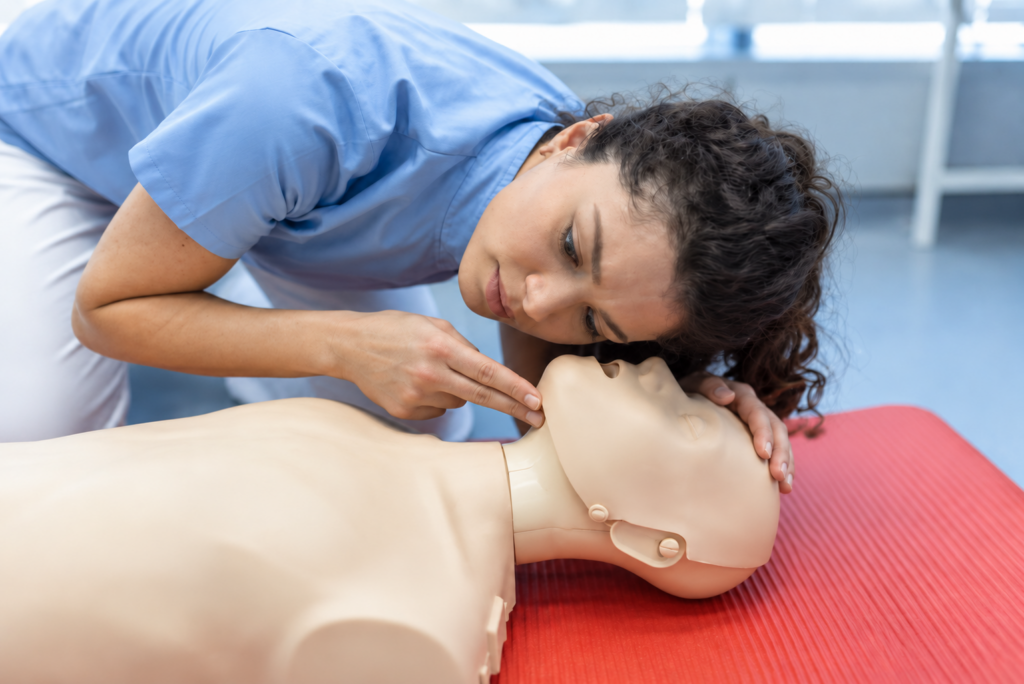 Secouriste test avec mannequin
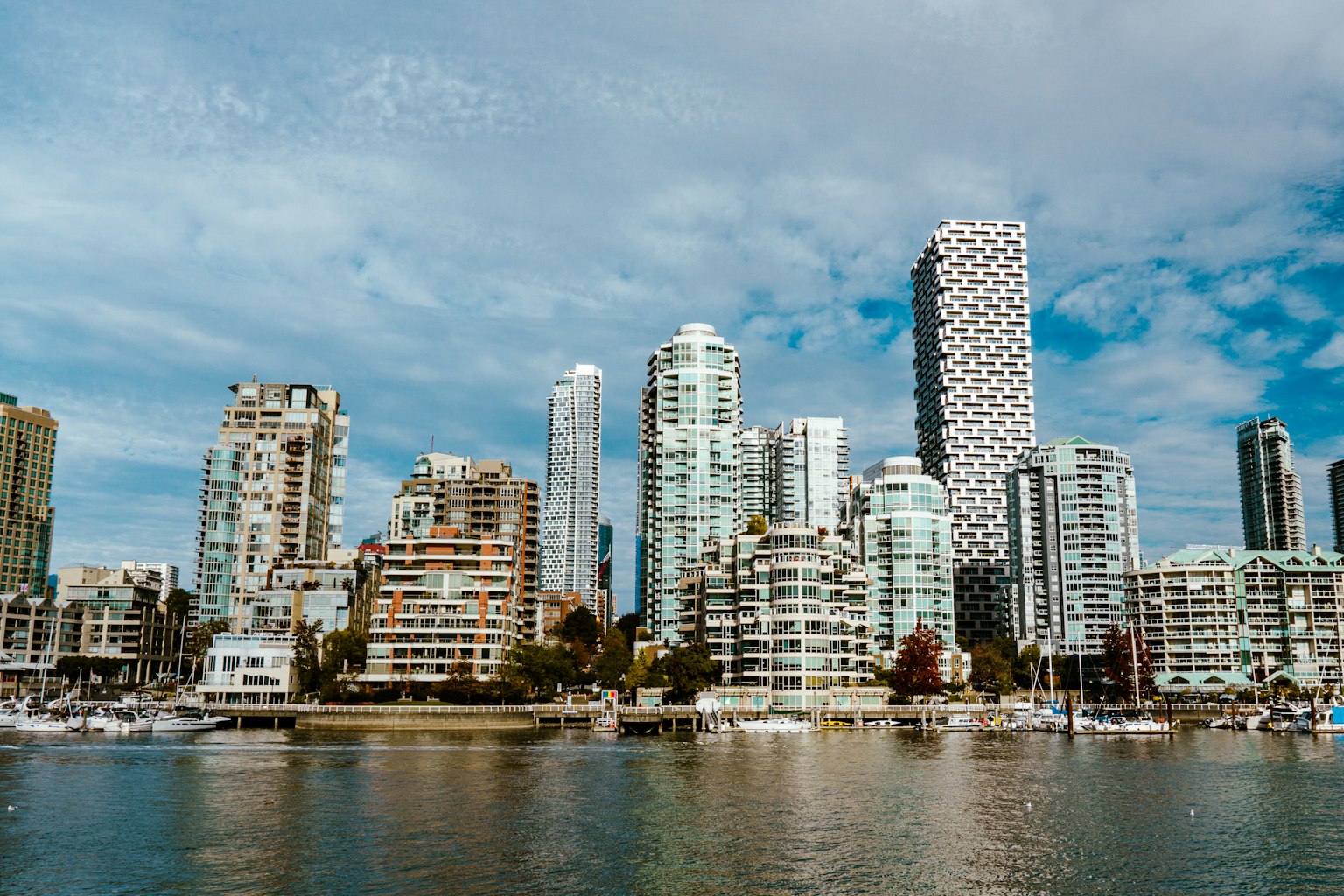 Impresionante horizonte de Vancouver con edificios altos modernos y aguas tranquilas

==============================

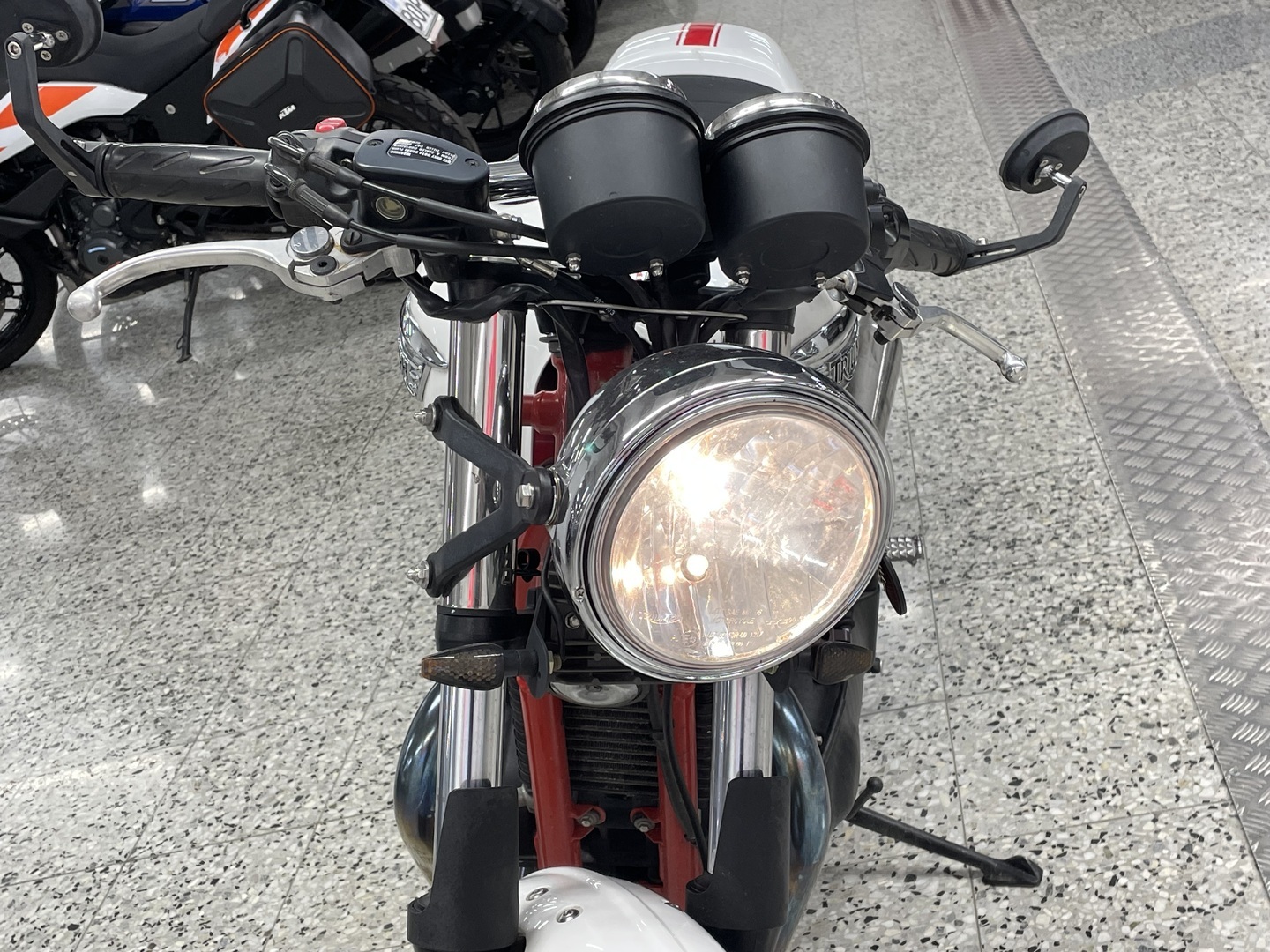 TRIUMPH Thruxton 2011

==============================

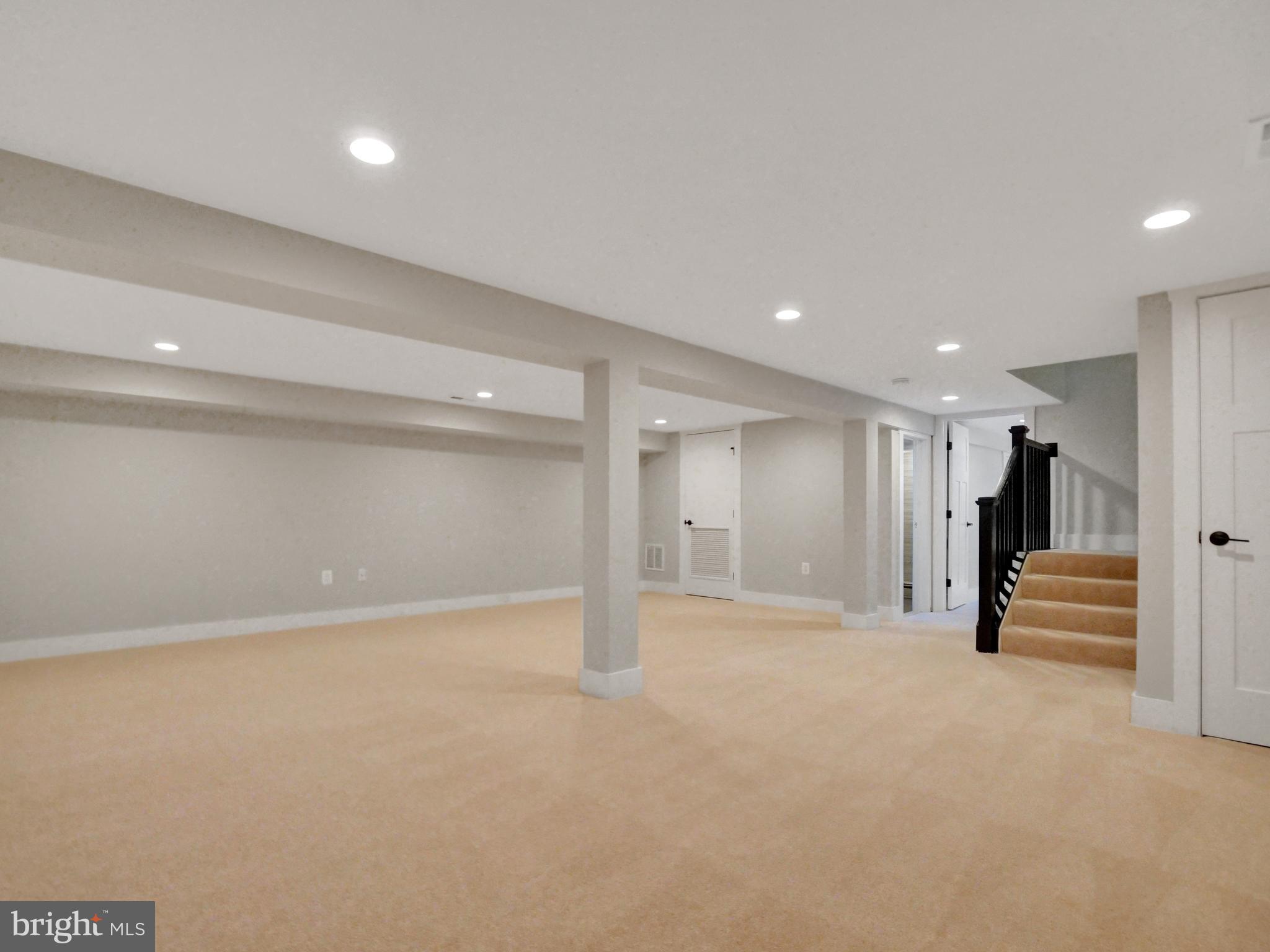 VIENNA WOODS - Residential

==============================

## YOUR INSTRUCTIONS
Starting at the line containing "Secouriste test avec mannequin" and stopping at the line containing "Impresionante horizonte de", output every line above exactly, both ends included, with pictures omitted.

## SOLUTION TO THE PROBLEM
 Secouriste test avec mannequin
 Impresionante horizonte de Vancouver con edificios altos modernos y aguas tranquilas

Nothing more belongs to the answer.